Records
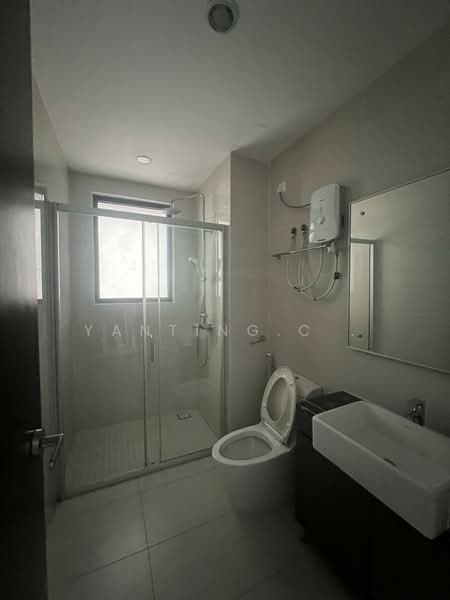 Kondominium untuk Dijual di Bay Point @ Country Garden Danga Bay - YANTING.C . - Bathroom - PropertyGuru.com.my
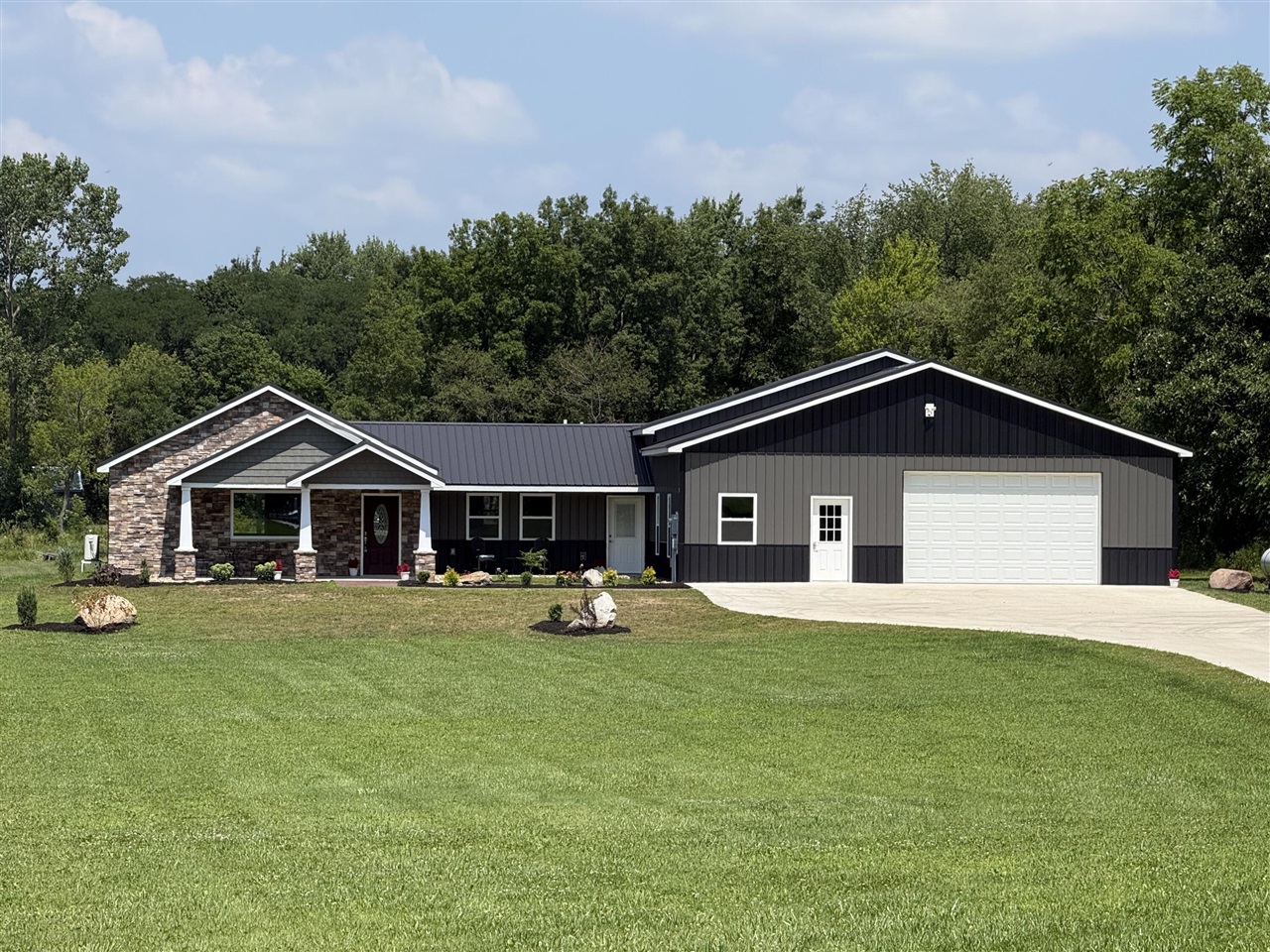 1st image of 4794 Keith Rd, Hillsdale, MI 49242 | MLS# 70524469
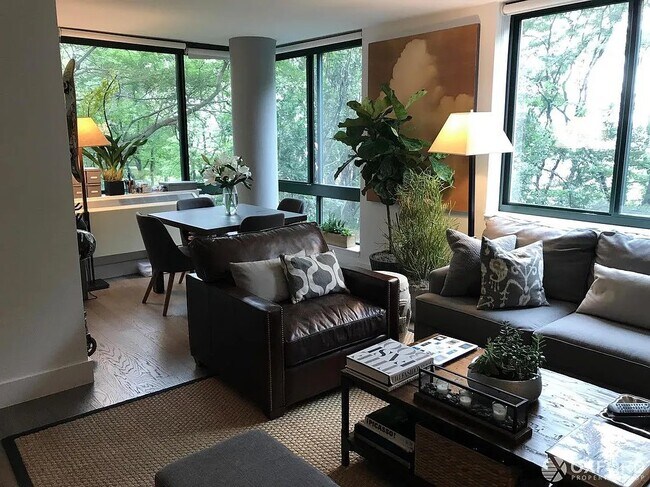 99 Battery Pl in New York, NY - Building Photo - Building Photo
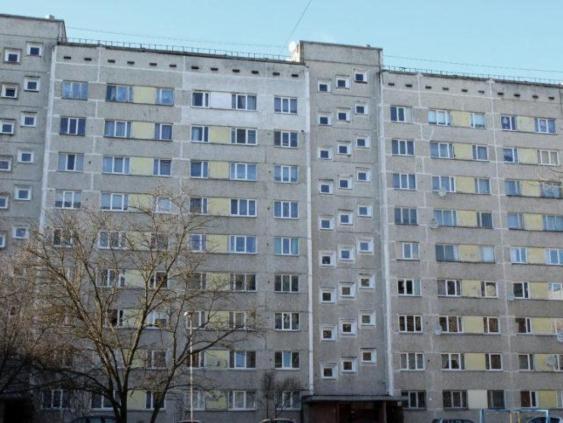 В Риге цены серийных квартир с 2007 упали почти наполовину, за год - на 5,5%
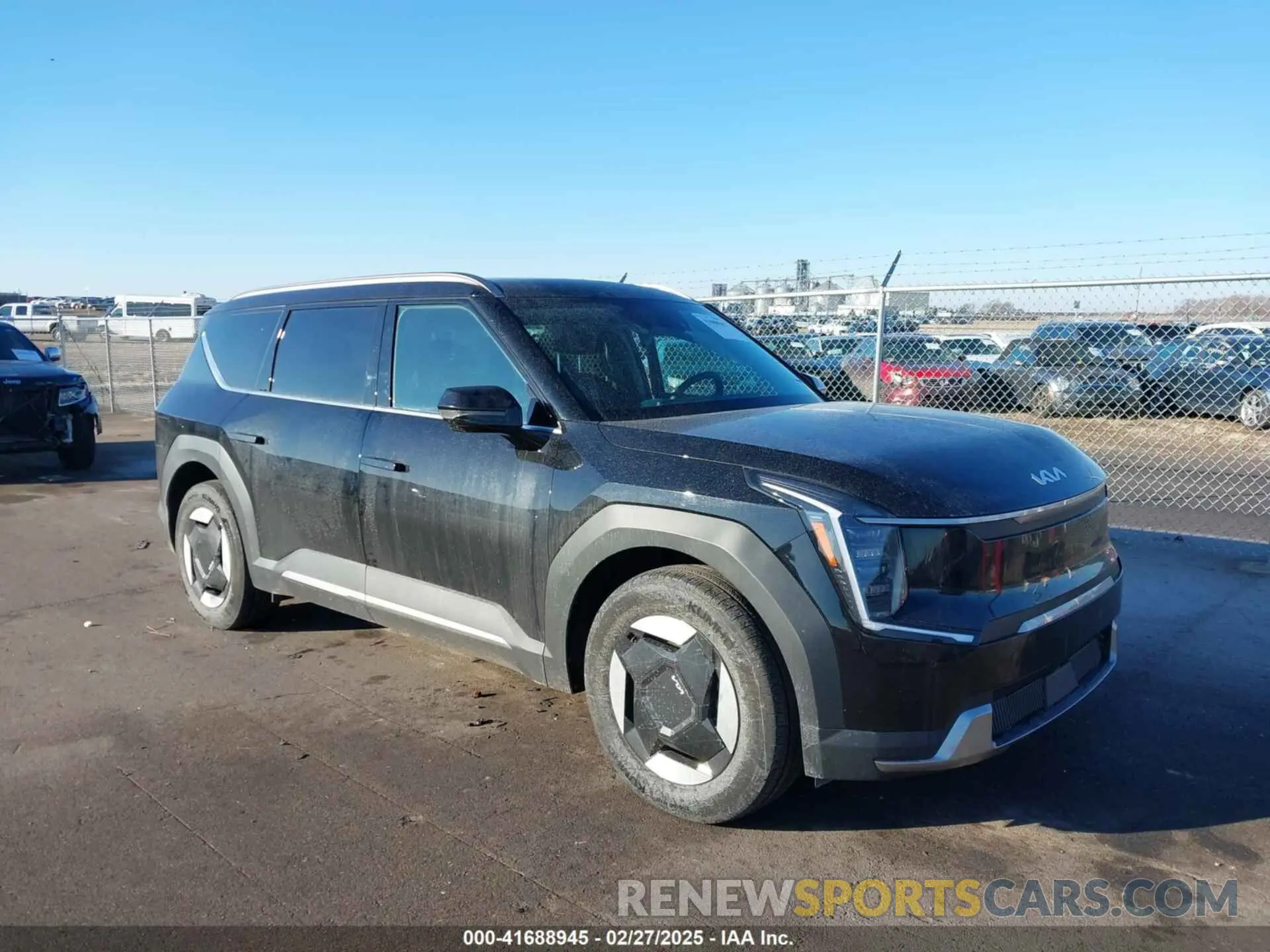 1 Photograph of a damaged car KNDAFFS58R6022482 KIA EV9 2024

* * *

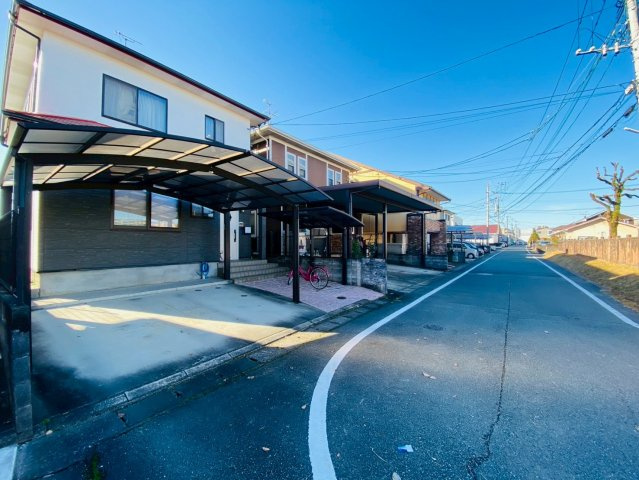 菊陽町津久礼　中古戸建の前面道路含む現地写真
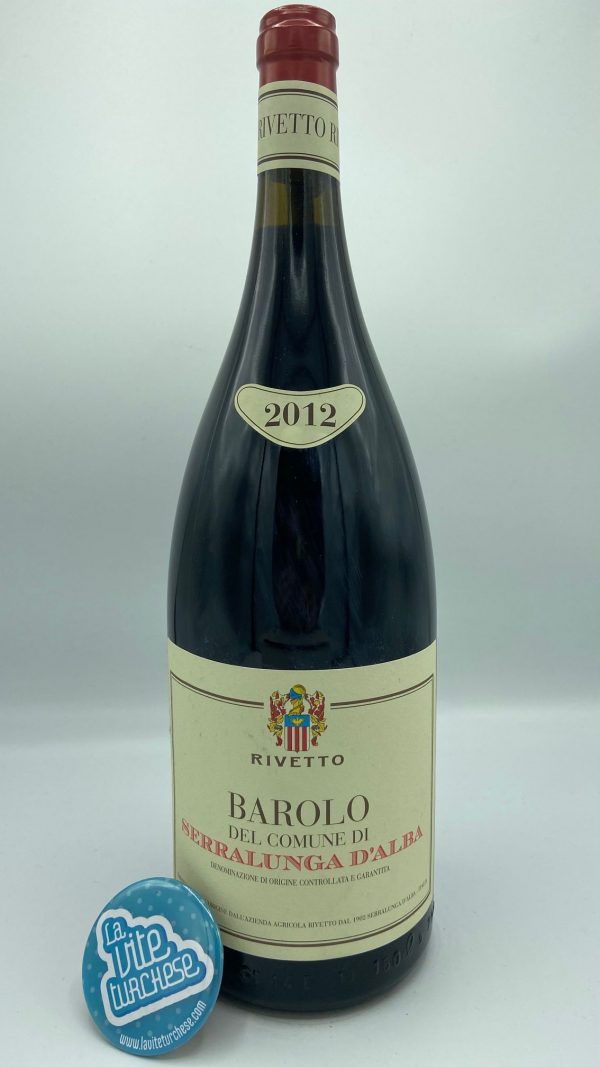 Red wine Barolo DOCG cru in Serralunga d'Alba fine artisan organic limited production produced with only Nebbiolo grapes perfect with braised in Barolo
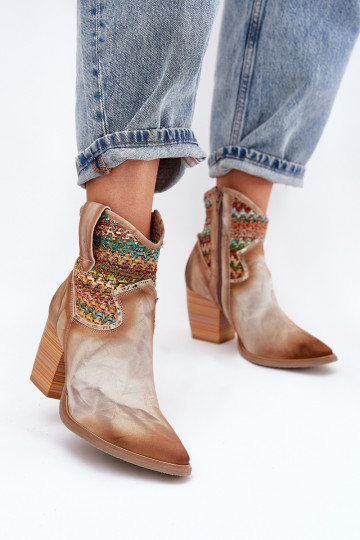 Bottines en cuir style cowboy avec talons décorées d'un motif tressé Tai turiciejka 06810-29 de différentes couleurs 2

Prompt
Out of the records above, please copy exactly the lines from the line with "99 Battery Pl" up to and including the line with "1 Photograph of", minus the pictures.

Response area
 99 Battery Pl in New York, NY - Building Photo - Building Photo
 В Риге цены серийных квартир с 2007 упали почти наполовину, за год - на 5,5%
 1 Photograph of a damaged car KNDAFFS58R6022482 KIA EV9 2024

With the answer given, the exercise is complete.